KONTAN.CO.ID - JAKARTA. Badan Meteorologi, Klimatologi, dan Geofisika (BMKG) mengungkap kondisi El Nino dan La Nina pada Juni-September 2024 yang bertepatan dengan datangnya musim kemarau di Indonesia. Untuk diketahui, El Nino adalah memanasnya suhu muka laut di Samudra Pasifik bagian tengah hingga timur yang menyebabkan Indonesia menjadi kering dan curah hujan berkurang. Sementara La Nina adalah fenomena mendinginnya suhu permukaan laut (SML) di Samudra Pasifik bagian tengah dan timur di bawah kondisi normalnya yang dapat meningkatkan curah hujan di Indonesia.
Kepala BMKG Dwikorita Karnawati mengatakan, analisis curah hujan dan analisis sifat hujan untuk tiga dasarian terakhir menunjukkan kondisi kering sudah memasuki wilayah Indonesia di bagian selatan Khatulistiwa. Terkait El Nino-Southern Oscillation (ENSO) pada musim kemarau 2024, ia menuturkan bahwa fenomena tersebut saat ini diprediksi netral. Hingga dasarian II atau 10 hari kedua di bulan Mei 2024, pemantauan terhadap anomali iklim global di Samudra Pasifik menunjukkan indeks El Nino sebesar positif 0,21 atau dalam kondisi netral.

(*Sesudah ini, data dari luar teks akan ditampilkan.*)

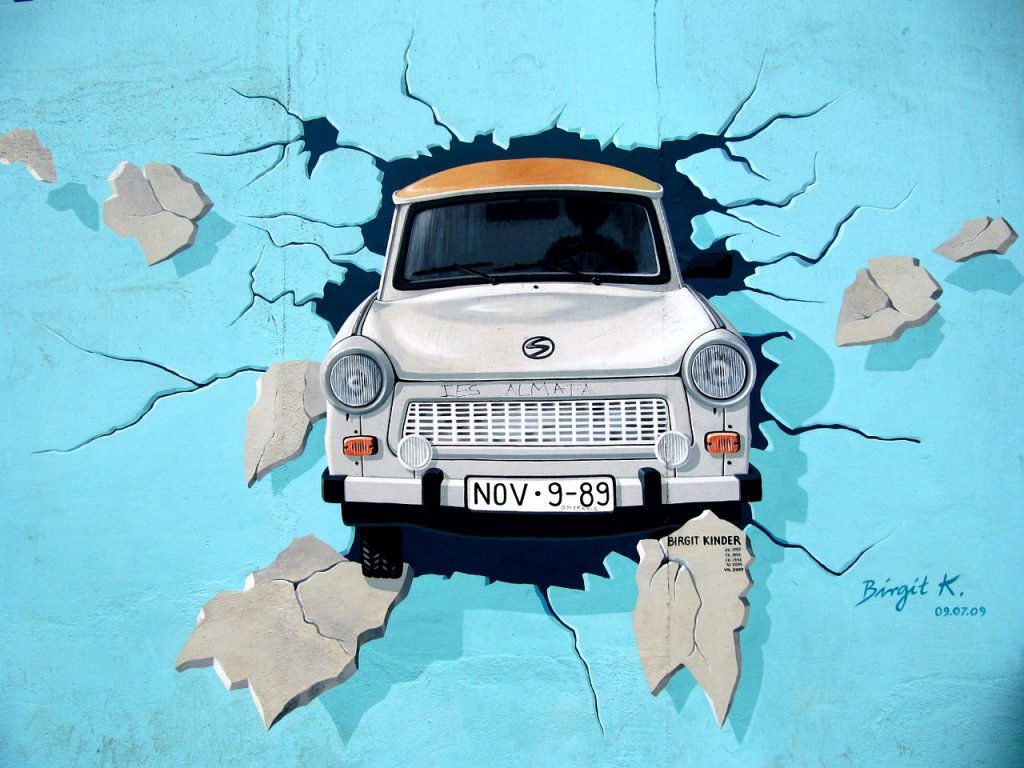 Street art di una trabant, tipica auto tedesca, che rompe il Muro di Berlino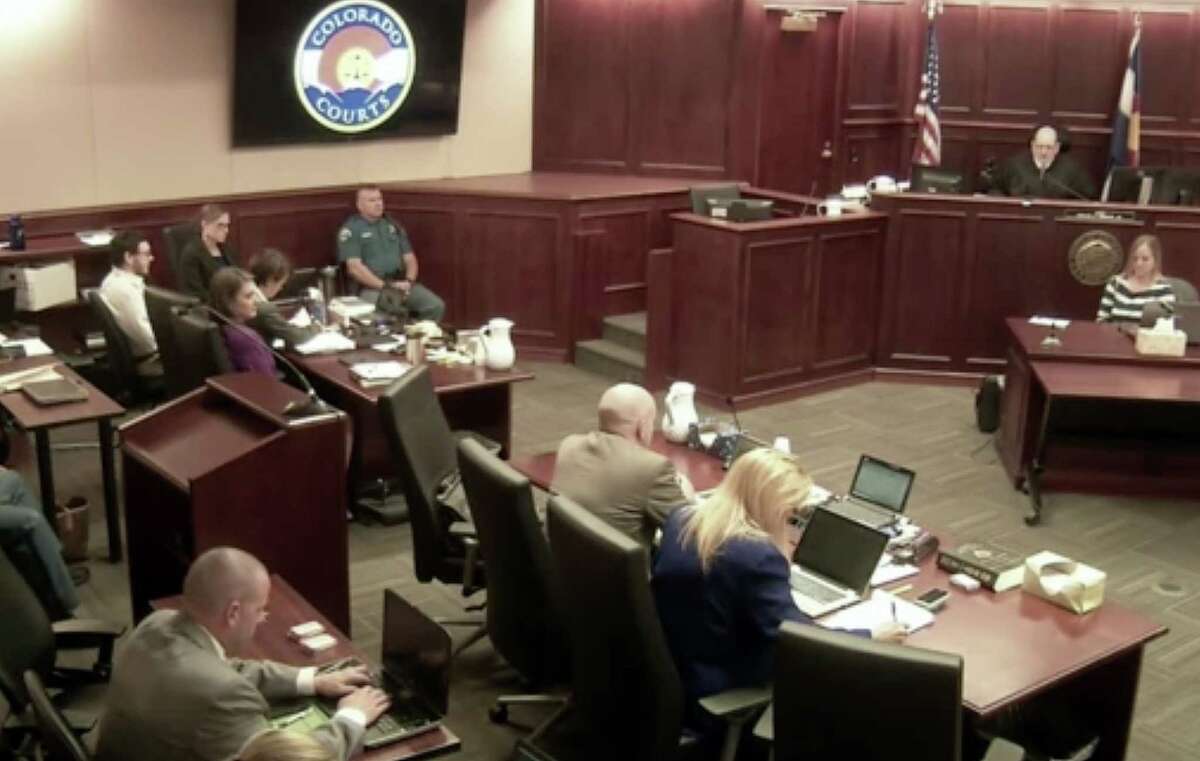 In this image taken from Colorado Judicial Department video, Colorado theater shooter James Holmes, top left in light-colored shirt, sits in Arapahoe County District Court, where his trial continues Thursday, July 23, 2015, in Centennial, Colo. The penalty phase of the trial of Holmes, who could be sentenced to death for killing 12 people in a Colorado movie theater, began Wednesday (Colorado Judicial Department via AP, Pool)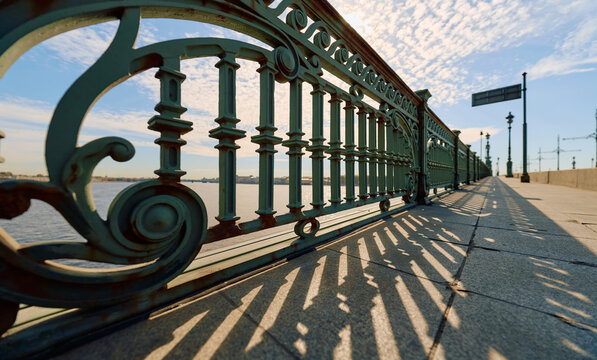 antique wrought iron railings of the Trinity Bridge, Troitsky Bridge on a spring morning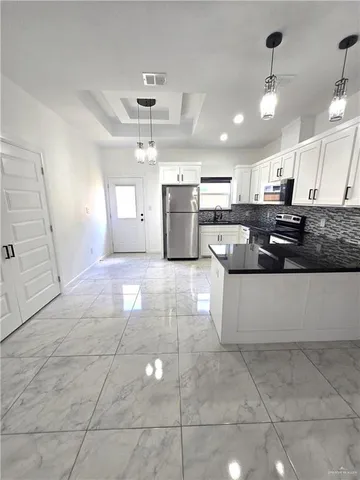 a large kitchen with kitchen island a stove a sink a counter top space and cabinets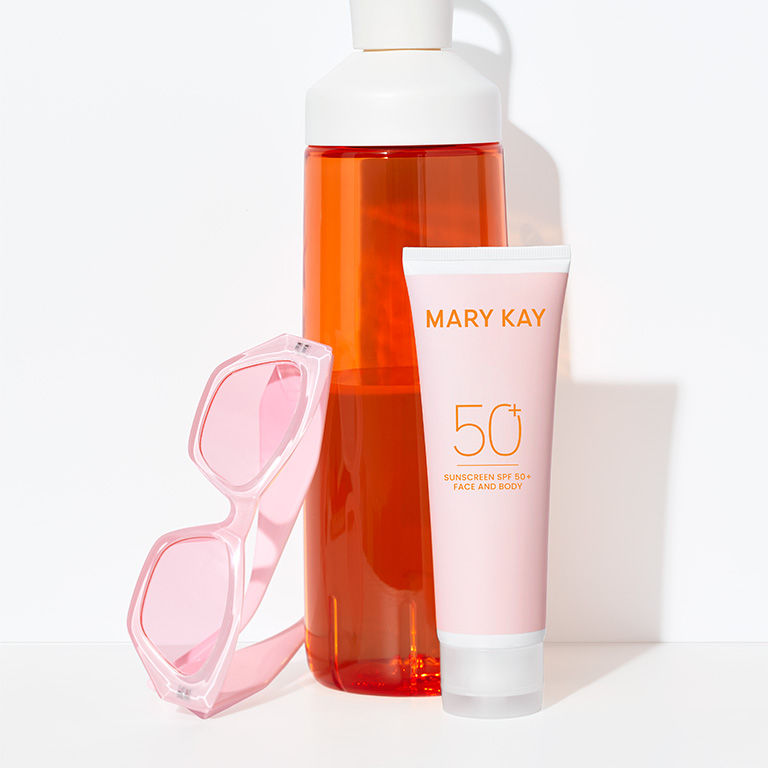 Protector Solar FPS 50 Mary Kay junto a una botella de agua naranja y unas gafas de sol rosas, como imprescindibles del verano.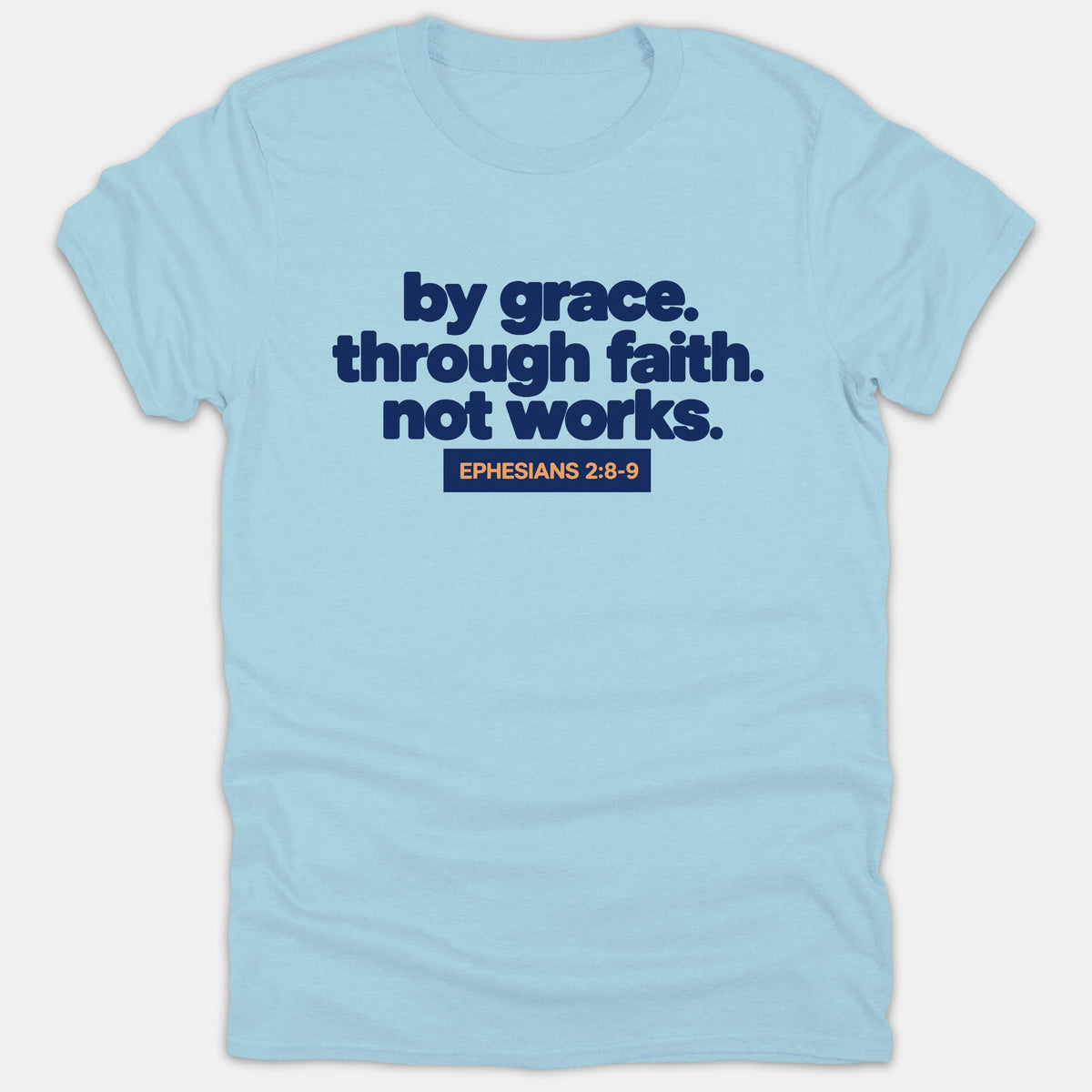 A light blue t-shirt featuring the phrase 'by grace. through faith. not works.' in bold navy text with the scripture reference 'EPHESIANS 2:8-9' in orange.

Baca Juga: La Nina Diramal Muncul Juni 2024, Ini Dampaknya Bagi Indonesia “Indeks netral El Nino sudah bertahan pada level netral selama dua dasarian dan diprediksi akan terus netral sampai periode Juni-Juli 2024,” ujar Dwikorita dalam konferensi pers daring, Selasa (28/5/2024). “Selanjutnya pada periode Juli, Agustus, September 2024 ENSO netral akan beralih menuju fase La Nina lemah yang akan bertahan hingga akhir tahun 2024,” tambahnya. Terkait munculnya La Nina setelah September 2024, Dwikorita mengatakan, fenomena ini diprediksi tidak berdampak pada musim kemarau yang akan segera terjadi. Sedangkan di Samudra Hindia, pemantauan suhu muka laut menunjukkan kondisi Indian Ocean Dipole (IOD) netral, namun ada kecenderungan menjadi IOD positif.
Waspada kekeringan
Meski El Nino dinyatakan netral dan La Nina diprediksi lemah, BMKG memperingatkan bahwa musim kemarau akan disertai dengan kekeringan. Dilansir dari laman BMKG, daerah dengan potensi curah hujan bulanan sangat rendah dengan kategori kurang dari 50 mm per bulan perlu mendapatkan perhatian khusus untuk mitigasi dan antisipasi dampak kekeringan.
Wilayah yang berpotensi mengalami curah hujan bulanan sangat rendah meliputi Pulau Sumatera, Pulau Jawa, Kalimantan Barat, Kalimantan Utara, Bali dan Nusa Tenggara, sebagian Pulau Sulawesi, dan sebagian Maluku, dan Papua.
Baca Juga: BMKG Ingatkan Pemerintah Siaga Hadapi Kekeringan, Ini Wilayah yang Terdampak Dwikorita menyampaikan, hasil monitoring hotspot atau titik panas yang dilakukan menggunakan satelit menunjukkan, sudah muncul beberapa hotspot awal pada daerah yang rawan kebakaran hutan dan lahan. “Pulau Sumatera, Pulau Jawa, Kalimantan Barat, Kalimantan Utara, Bali dan Nusa Tenggara, sebagian Pulau Sulawesi, dan sebagian Maluku dan Papua,” ujarnya.